Willy supportant mal la nonchalance avec laquelle Eric progresse dans ce domaine qu'il ne vénère pas contrairement à elle commence à nourrir une rage et amertume pourrissant leur relation et son seul véritable amour, son tennis.
Comme le souligne l'auteur en début de livre, l'histoire bien qu'intimement liée au tennis décrit de manière plus générale les dissensions dans un couple marié quand surgit la compétition, qui plus est quand elle est ressentie que par un seul des partenaires. L'un progressant jusqu'à dominer l'autre ne voit rien d'avilissant ou dérangeant ; l'autre étant parti comme la meilleure et voyant les rôles renversés avec facilité et humilité par la personne qu'elle est censée aimer, nourrit une rage sourde mais profonde.
Tout le vocabulaire tennistique accompagne et étouffe par moments le récit. La relation des deux est dès le début amenée de manière un peu gauche "vite passons au mariage qu'on puisse entrer dans le vif du sujet". C'est ce qui est fait, c'est expédié et la rencontre/la demande sont rapides, pas trop trop crédibles et décevants.

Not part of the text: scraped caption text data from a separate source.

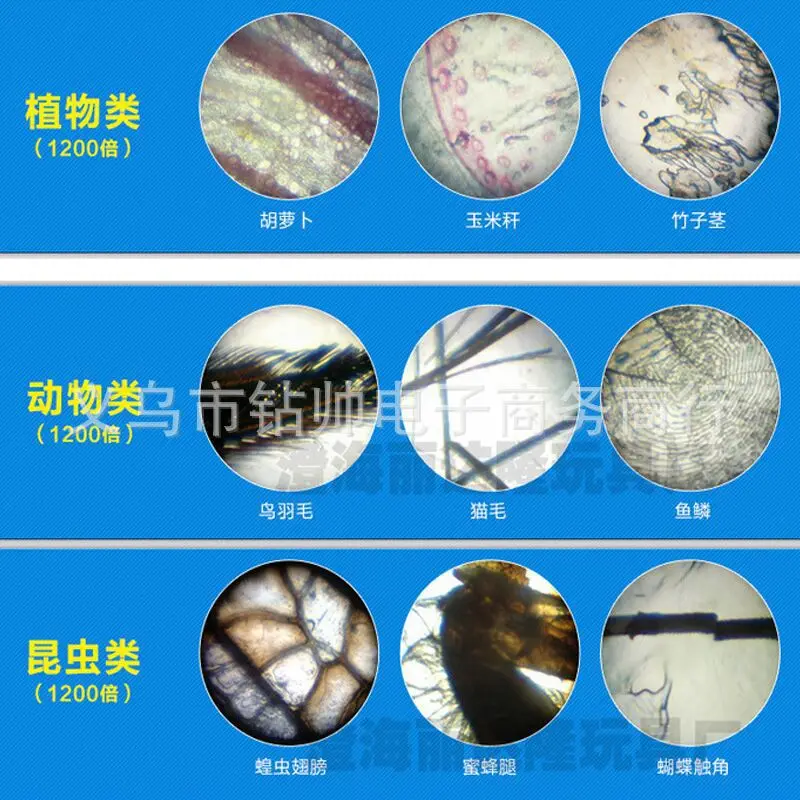

Children Microscope Parts Biological Specimen Slice Animal And Plant Specimen Plastic Glass Slide 12-Piece Popularization of Sci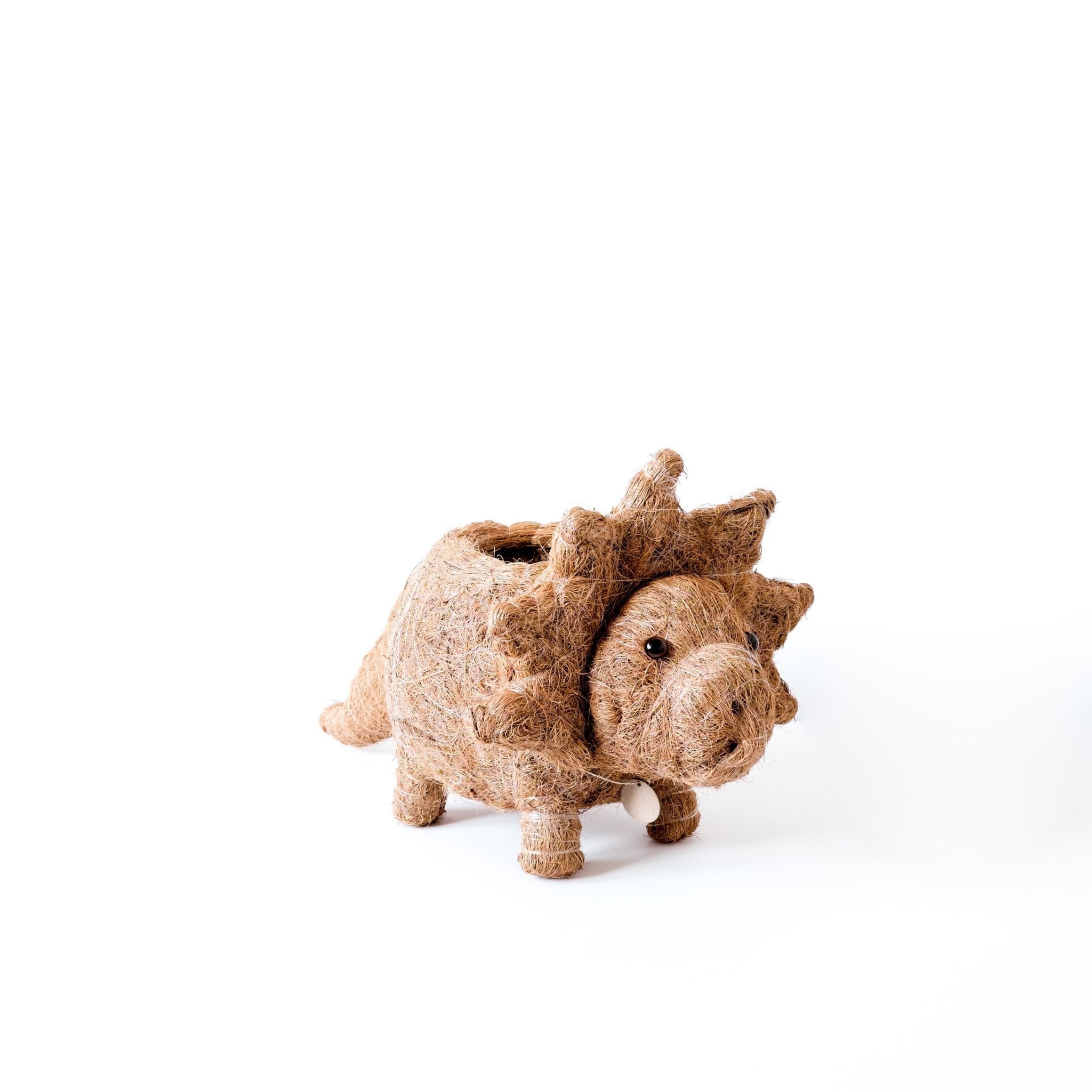 Triceratops Planter - Coco Coir Pots | Likhâ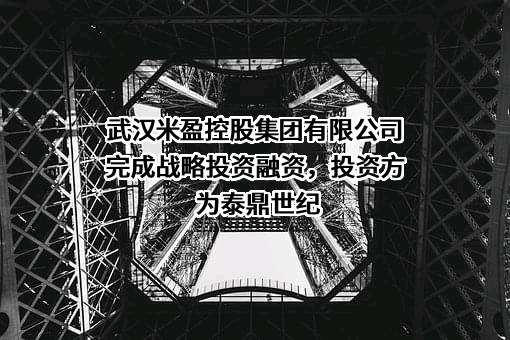 武汉米盈控股集团有限公司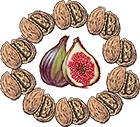 Portuguese Figs & Walnuts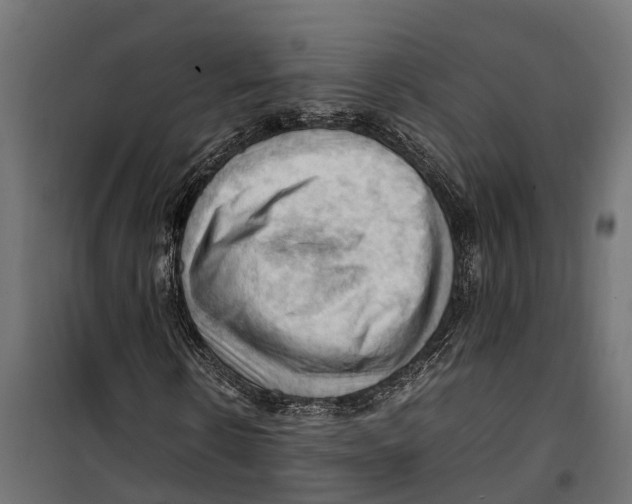 X0000099980914200806201422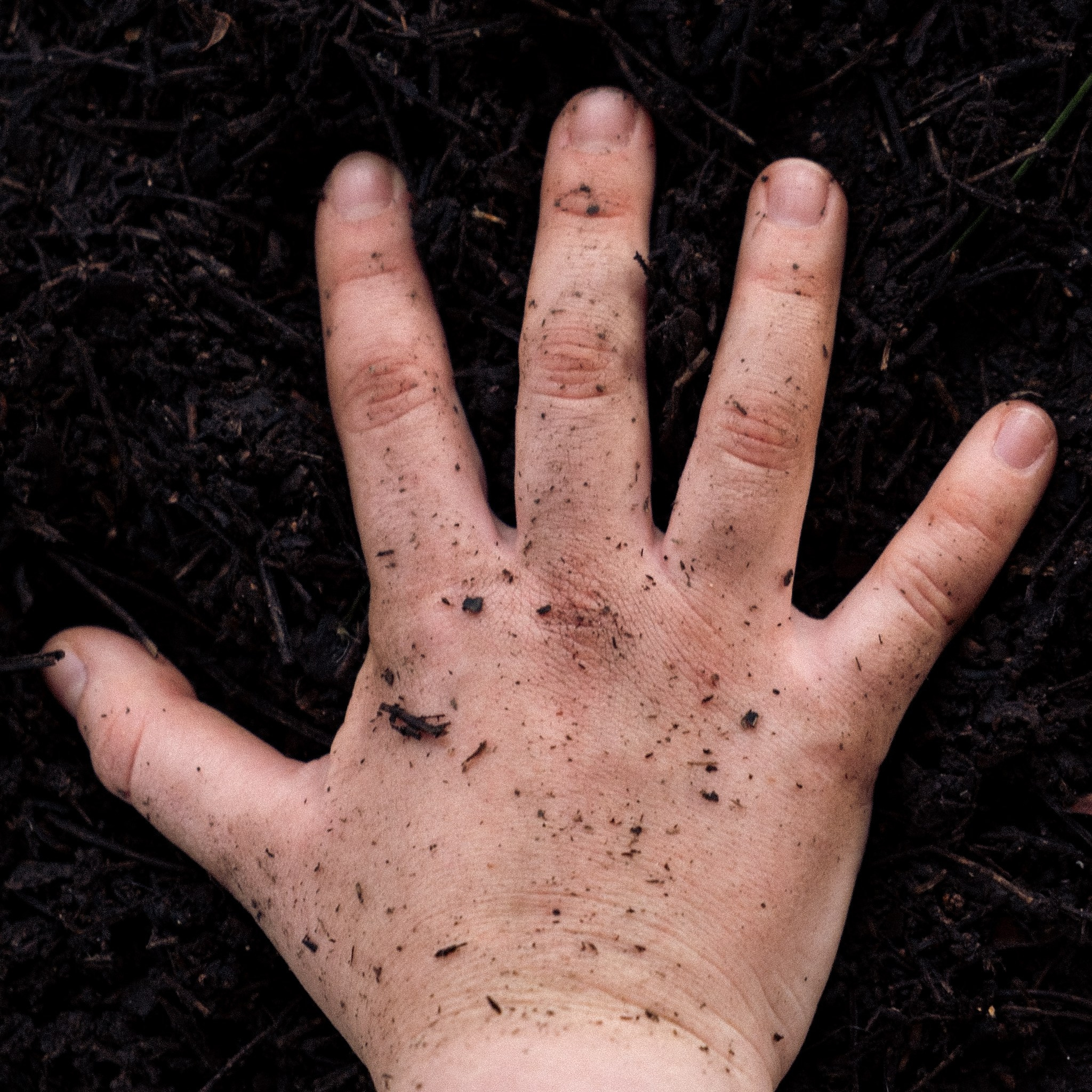 Back Home play (Scene + Heard Festival 2026). Alforlove.com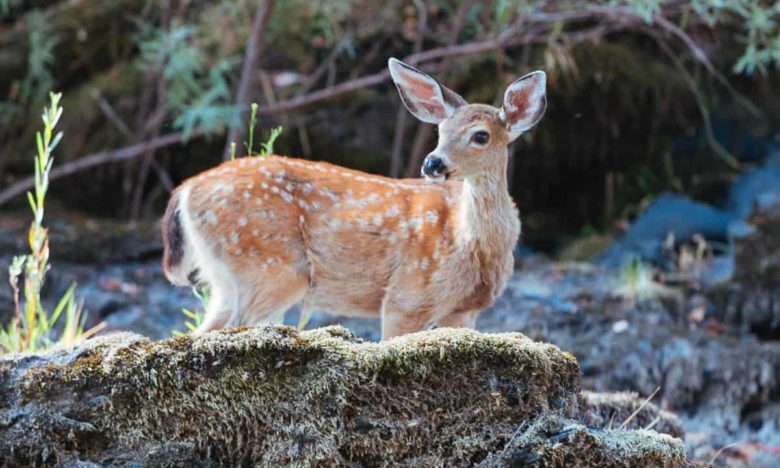 Deer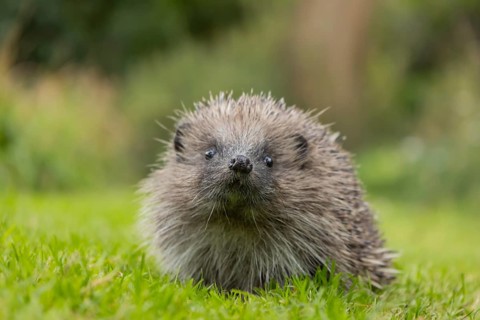 European hedgehog (Erinaceus europaeus) adult animal on a garden grass lawn, Suffolk, England,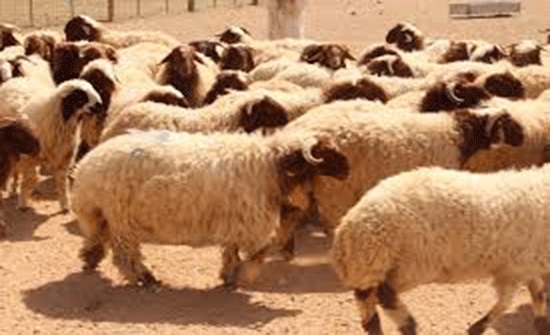 الزراعة تؤكد توفر الاعداد الكافية من المواشي الحية لرمضان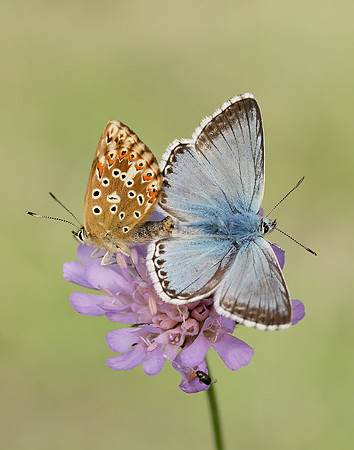 Chalk Hill Blue Polyommatus coridon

Mais voilà, le but n'était pas de dépeindre la rencontre (si ce n'est la position qu'ils avaient au début l'un par rapport à l'autre pour ensuite observer les changements) du coup ça peut être acceptable même si un effort aurait été bienvenu pour rendre cette partie présentable.
Pas ultra-attachante, on suit (comme dans Big Brother ou Il faut qu'on parle de Kevin que j'ai pu lire) une femme ambitieuse, relativement indépendante, à qui la réussite sourit. Ce côté anti-héros de suivre quelqu'un d'imparfait est aussi ce qui fait le charme de ces histoires dont le prisme est donc amené par quelqu'un d'intransigeant, souvent amer et envieux. En ça, pour les fans de ce que fait Shriver (genre moi, coucou) on le retrouve. Ce qui pose problème c'est plus le fait que la situation tourne rapidement en rond. L'approfondissement n'est peut-être pas aussi aboutit que ce qu'on était en droit d'espérer, le personnage principal se révélant trop "limité" et sourd à des discussions qui auraient pu mener à une introspection plus constructive. À côté de ça on a le mari parfait qui reconnaît ses fautes, est ouvert, compréhensif, tout en continuant d'être bon dans tout ce qu'il entreprend. En cela ça transmet la frustration que ressent Willy à lui en vouloir alors qu'il ne veut que son bien à elle mais c'est en même temps quelqu'un de REELLEMENT trop parfait pour qu'à des moments on ne se dise pas "putain faut arrêter là, c'est abusé de lui donner tant de qualités".
Du coup, tout le livre se coltine cette amertume sans trop de relief dans un mariage qui en 4 ans donne l'impression d'avoir duré 20 ans alors même que les protagonistes ne se voient qu'épisodiquement du fait de leurs obligations respectives dans des compétitions qui les mènent un peu partout.
Les relations avec les familles respectives sont vaguement intéressantes mais trop caricaturales pour ne pas regretter une facilité intellectuelle et de la psychologie de bas étage. "son père à elle transmet sa désillusion à sa fille ; son père à lui l'encense tellement en tant qu'aîné que le reste de la fratrie finit en drogué, mythomane ou une personne profondément perturbée à cause de la comparaison trop lourde à porter"
De même que le style d'écriture qu'on reconnaît facilement où les personnages lassés de leur vie ou amers, on retrouve également un thème cher à l'auteur : la position de la femme, ce qu'on attend d'elle, la vie à laquelle elle est censée aspirer, les discriminations qu'elles subissent de manière même plus conscientes, etc... Cela reste intéressant et dérangeant à la fois de voir montré une femme avec des aspirations toutes personnelles et qui peuvent être moins belles, nobles et douces que ce qui est implicitement attendu d'elles.
Bref, moins passionnant mais avec toujours ce côté jubilatoire des grosses phrases alambiquées mais intelligentes, Double Faute se lit bien sans toutefois laisser un souvenir impérissable.
Fans de Lionel Shriver, vous trouverez de quoi vous nourrir tout de même et il y a de quoi être déprimé, triste et défaitiste arrivé à la fin où on se rend compte qu'on s'est attaché et qu'on aurait aimé qu'une prise de conscience miracle sauve la donne.